Hace algo más de un año, un veterano político ya retirado de la primera línea me anticipó con una clarividencia pasmosa lo que pensaba que iba a ocurrir a finales de 2021: «Todo se está moviendo muy deprisa, volverá a retomarse la operación del campo de fútbol en San José, la DGA y el Ayuntamiento de Zaragoza irán de la mano y se consumará la mayor operación urbanística de Zaragoza en décadas». Esa persona, que conoce bien ambas instituciones y a sus dirigentes lo clavó, y hoy volvemos 12 años atrás, cuando se llegó a presentar el enésimo proyecto arquitectónico para construir un estadio, en aquella ocasión del arquitecto Joaquín Sicilia. Los protagonistas de entonces siguen en activo, algunos en instituciones distintas, pero siguen siendo los que toman las decisiones importantes. Después de 20 años de proyectos fallidos, discusiones, debates, recursos judiciales, polémicas y varios descensos a Segunda División, en tan solo un mes han sido capaces de armar lo que ahora llaman un relato y se han puesto de acuerdo en un abrir y cerrar de ojos. La financiación, el eterno problema, sigue sin definirse, pero nadie tiene dudas de que son muchos los intereses para que esta vez el campo de fútbol de Zaragoza no sea motivo de confrontación institucional y por fin la ciudad tenga un estadio moderno que sirva para algo más que jugar al fútbol y se convierta en un atractivo arquitectónico más de una ciudad que no atesora demasiados.
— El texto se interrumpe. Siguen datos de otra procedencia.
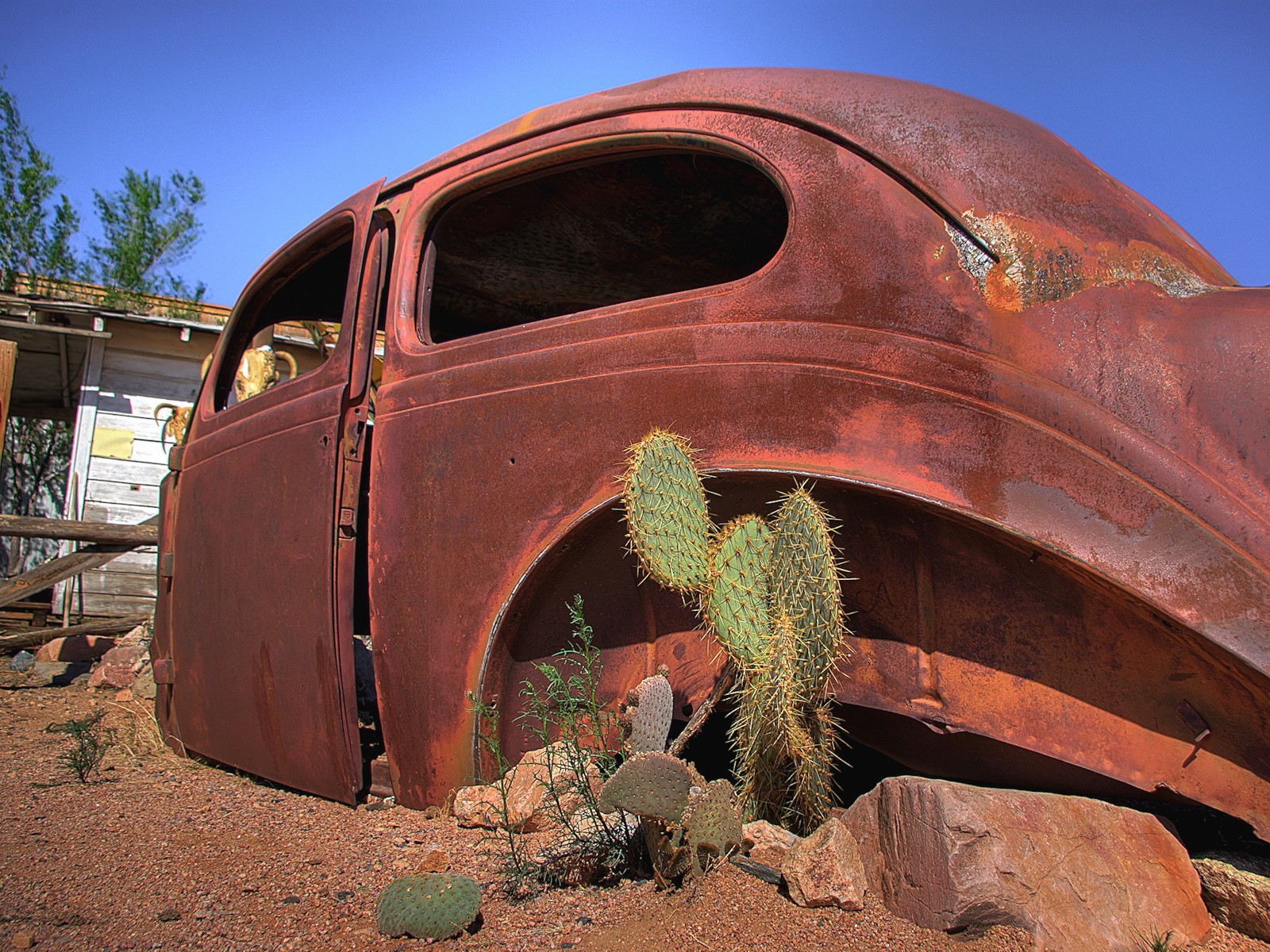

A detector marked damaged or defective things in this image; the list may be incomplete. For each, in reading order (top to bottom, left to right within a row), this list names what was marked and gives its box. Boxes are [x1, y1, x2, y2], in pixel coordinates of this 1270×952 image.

rusty car shell [154, 68, 1270, 838]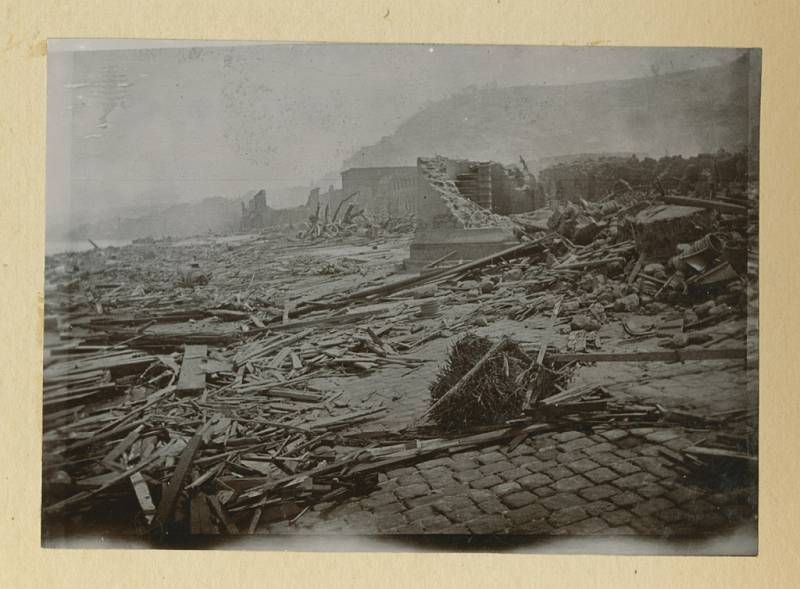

La voluntad política era esto. Es sorprendente la rapidez con la que se logra cuando se persiguen determinados intereses.

A estas alturas de la vida, ya ni siquiera sorprende la normalidad con la que se asume el susodicho relato, operación urbanística mediante, pero a mí me llama la atención que el argumento más empleado para persuadir de la conveniencia de construir una infraestructura que pasará fácilmente de los 100 millones de euros es la hipotética celebración de una ceremonia de apertura o clausura de unos Juegos Olímpicos de invierno o ser subsede de un Mundial de fútbol en 2030. Como pretexto resulta un poco endeble, porque la proyección internacional que otorga un acontecimiento de esta envergadura, a pesar de lo que se diga, es tan hermoso y efímero como un amor de verano.

La Romareda ha acogido en sus 64 años de historia tan solo cuatro partidos internacionales, el último de ellos contra Grecia, hace 17 años y con una modesta entrada. También ha sido subsede de un Mundial en el que jugaron potencias internacionales de la categoría de Irlanda del Norte, Honduras y la ya desaparecida Yugoslavia. Uno de los monumentos más feos de Aragón conmemora la efeméride, aunque casi nadie repara en él. A la entrada de los vestuarios del vetusto estadio una pareja de columnas de encofrado recuerda que hace casi 40 años La Romareda acogió un Mundial. Eso sí, nuestro querido estadio pasará a la historia de esta competición deportiva, la más importante del fútbol, por un récord mundial. El 17 de junio de 1982, en el partido Yugoslavia-Irlanda del Norte debutó Norman Whiteside, el futbolista más joven en debutar en un mundial, con 17 años y un mes. Whiteside, que tuvo una corta carrera, era un aguerrido delantero irlandés que desbancó en semejante registro al mismísimo Pelé. Y tanto Whiteside como La Romareda siguen inscritos en el libro de oro de la historia del fútbol mundial, a pesar de que ya casi nadie en el planeta se acuerde de Whiteside ni de La Romareda.

A pesar de ello, seguirá siendo siempre el estadio más bello del mundo para los zaragocistas que ahí hemos sido felices, a pesar de que se caiga a trozos, el Real Zaragoza (que es el principal beneficiado) no nos dé ahora alegrías, cambie de ubicación y veamos más pronto que tarde viviendas de alto standing en su actual emplazamiento. Y siempre será el campo del récord del mundo y el monumento más feo de Aragón.

Zaragoza necesita un estadio moderno, y un equipo de fútbol competitivo que nos devuelva a lo que un día fuimos. Sería preocupante que a los actuales dirigentes del club lo primero les parezca más prioritario que lo segundo.